| EXERCISE AIM |
Two lines mark the range in the entries below: the one holding "HONDA　FREED SPIKE" and the one holding "信用卡逾期三年以上会被起诉吗 信用卡逾期三年以上会被起诉吗". Set down those two and all lines between them, exactly.
*** Opening of DATA EXCERPTS ***
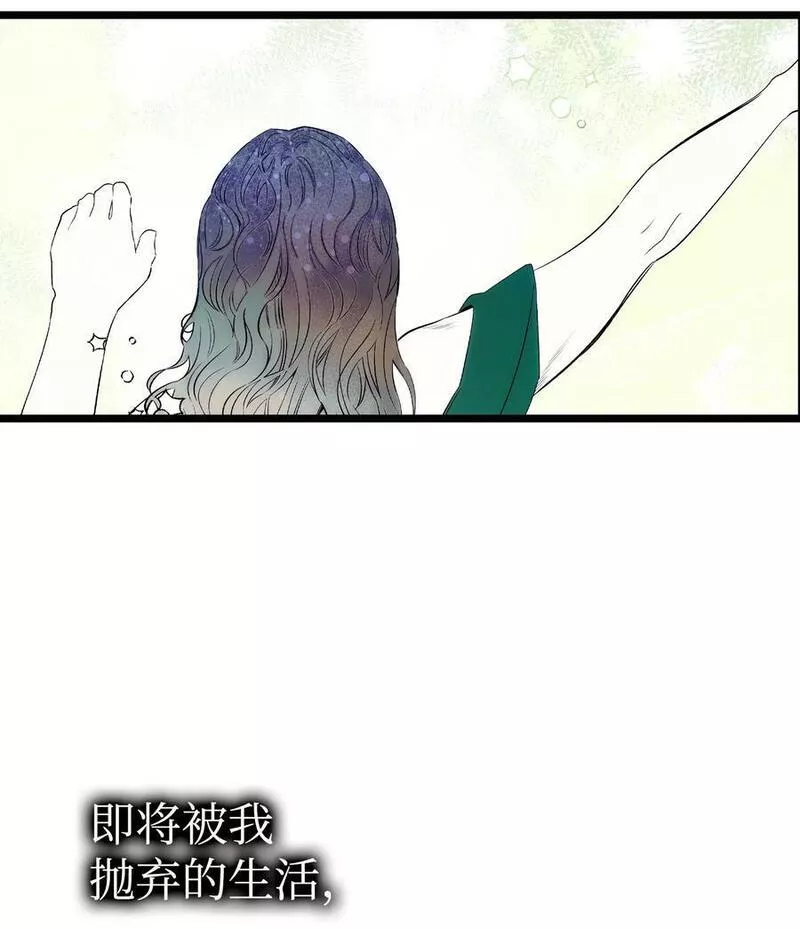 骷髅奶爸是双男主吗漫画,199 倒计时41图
*** Close of DATA EXCERPTS ***
*** Opening of DATA EXCERPTS ***
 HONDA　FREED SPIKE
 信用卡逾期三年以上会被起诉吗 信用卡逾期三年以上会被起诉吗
*** Close of DATA EXCERPTS ***
| YOUR RESPONSE |
 HONDA　FREED SPIKE
 信用卡逾期三年以上会被起诉吗 信用卡逾期三年以上会被起诉吗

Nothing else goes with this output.